Em uma manobra estratégica que reconfigura o comércio global de café, a China autorizou 183 empresas brasileiras a exportar café torrado e moído para seu território. A decisão ocorre semanas após os Estados Unidos imporem tarifas de 50% sobre o café brasileiro, marcando uma diversificação geopolítica do maior produtor mundial de café.

O Ministério da Agricultura brasileiro confirmou que a abertura foi resultado de seis anos de negociações técnicas com autoridades sanitárias chinesas.

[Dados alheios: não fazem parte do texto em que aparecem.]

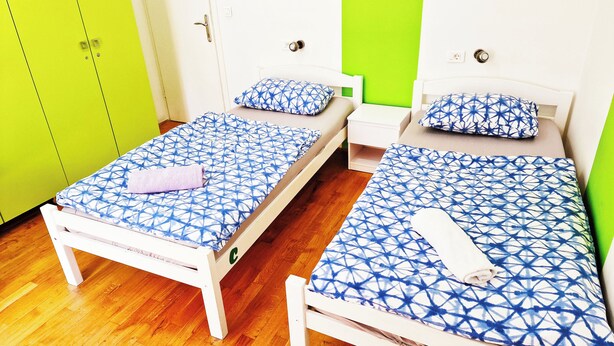 Quarto com duas camas, cada uma com colcha azul estampada e almofadas a combinar, uma pequena mesa de cabeceira branca e um guarda-roupa verde com a inscrição 'Apenas para funcionários'.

Com a medida, o Brasil passa a contar com 452 estabelecimentos habilitados para exportar à China, incluindo 32 novos armazéns e 151 renovações recentes.

Esta expansão ocorre em um momento crítico: desde 1º de agosto de 2025, o café solúvel brasileiro enfrenta tarifas de 25,54% nos EUA, enquanto o café verde sofre sobretaxa de 50% – decisão que a National Coffee Association norte-americana pressiona para rever.

O posicionamento brasileiro reflete uma dupla estratégia:

  • Diversificação comercial imediata: Redução da dependência do mercado norte-americano, que em 2024 importou 8 milhões de sacas brasileiras
  • Fortalecimento de alianças do Sul Global: Alinhamento com a declaração do BRICS que critica "medidas protecionistas" e defende sistema comercial inclusivo.

Embora o consumo chinês de café tenha saltado de 300 mil para 5,8 milhões de sacas anuais desde 2009, o país ocupa apenas a 14ª posição entre os compradores do café brasileiro. Em 2024, as exportações para a China caíram para 988 mil sacas – queda atribuída à desaceleração do mercado.

Especialistas destacam os desafios:

  • A China prioriza cafés especiais e de maior valor agregado, exigindo adaptação produtiva
  • O mercado norte-americano segue "insubstituível" pelo volume, conforme reconhece o Conselho de Exportadores de Café do Brasil (Cecafé)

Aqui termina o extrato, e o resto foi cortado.